Те дни до рождения моего духа остались во мне отзвуком боли и муки. Сам я не помню ничего, и только тело, испытавшее боль сотворения, иногда напоминает о первых днях жизни неясной ломотой и жжением в суставах. Впрочем, до сих пор не знаю, живу ли я на самом деле и можно ли вообще назвать мое существование жизнью. Те существа, которые окружают меня, должно быть, также задумываются о смысле своего бытия, но я ничего не знаю об их истинных мыслях, как и они о моих. Хотя мы говорим часами, смеемся, поем, танцуем, а то и лупим друг друга, но никто не может выговорить ни слова без воли того, кто стоит над ними, заставляя с улыбкой делать все, что хочет. Насколько можно судить, это он создал наши тела и дал нам возможность двигаться, улыбаться, говорить. Но одного я не знаю наверняка — кто научил меня этой муке, кто вложил в голову эту сладкую и мучительную способность — думать. Если он, то это лишний раз подтверждает его изощренную жестокость, граничащую с наслаждением чужими страданиями.
Иногда я думаю о смерти. Не о своей собственной, а о смерти вообще. Те знания, что вложили в меня, говорят о смерти живых существ, но о смерти мне подобных я ничего не знаю.
Я вижу, как горит дерево в камине, как теряет оно форму, цвет и превращается в дым, тепло, свет, пепел. Это ли смерть дерева? Или просто переход в другую жизнь, не известную ему ранее? Я вижу, как расплющивается металл под молотком моего хозяина, как он изменяет свою форму, становится тонким, широким, скручивается, запаивается по краям другим металлом и превращается в сосуд. Что это? Где смерть одной формы, а где рождение другой.
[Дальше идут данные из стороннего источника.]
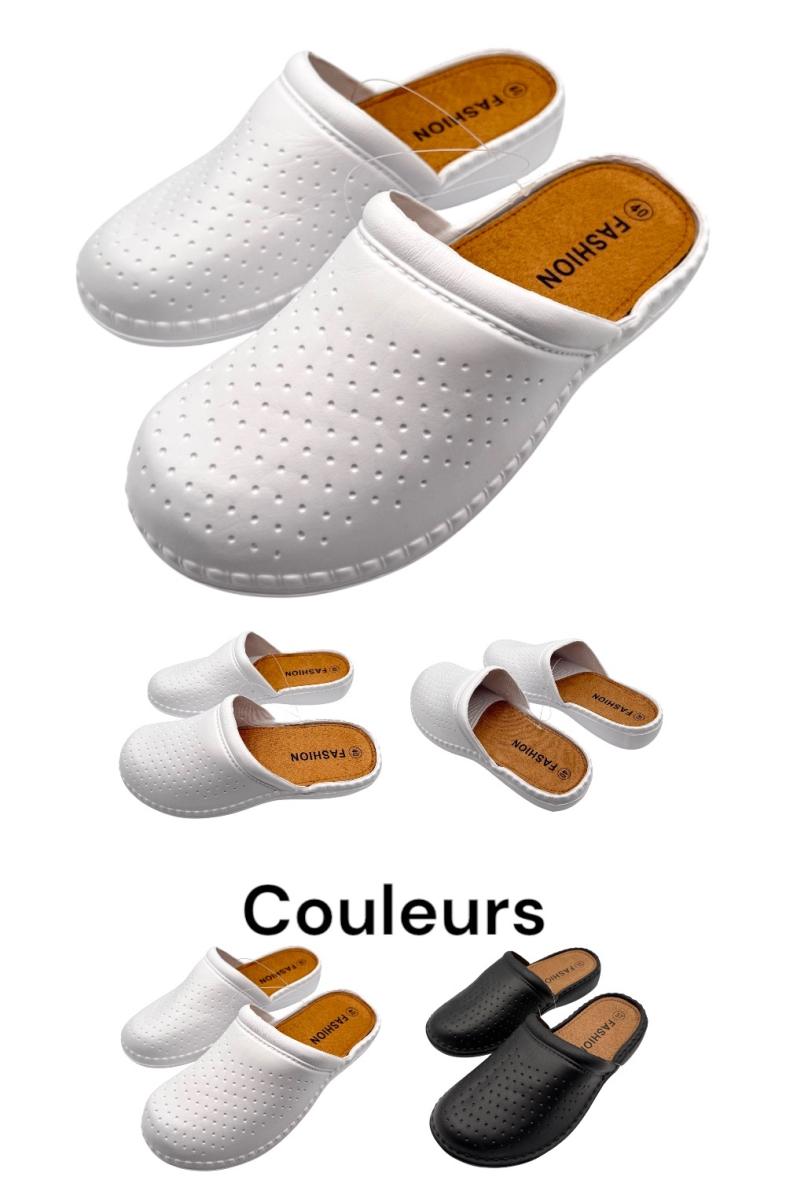 CHAUSSON 836 T:36-41 2C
Я вижу, как хозяин мастерит подобного мне, как он достает из печи еще горячие руки, ноги, как он доводит их до совершенства тонкими инструментами, как вкладывает в тело мудрый механизм и замуровывает его маленькими винтиками, как возится с головой, начиняет ее чем–то блестящим и подсоединяет проводки, идущие к телу. Через несколько дней я вижу результат. Вещество, превращенное в существо, ставится на ноги, заводится маленьким ключиком и начинает двигаться, смеяться, плакать, говорить. Есть ли это рождение? Переход в новое качество мертвых веществ? Не знаю. Наверное, все это знает тот, кто создал нас, но спросить я ничего не могу, ибо язык не подчиняется мне, а способен говорить только то, что записано где–то там, в голове, и я, как граммофонная пластинка, только пою навязанную мне песню.
Каждый вечер нас расставляют на маленькой сцене, задернутой ярким занавесом, и мы слышим, как люди входят в невидимый зал, говорят, шуршат бумажками, двигают стульями. Когда бьют часы, хозяин поочередно заводит нас золоченым ключиком, и мы начинаем двигаться под шорох раздвигаемого занавеса и видим зал, наполненный людьми, глаза, ждущие от нас чудес и смешных выходок.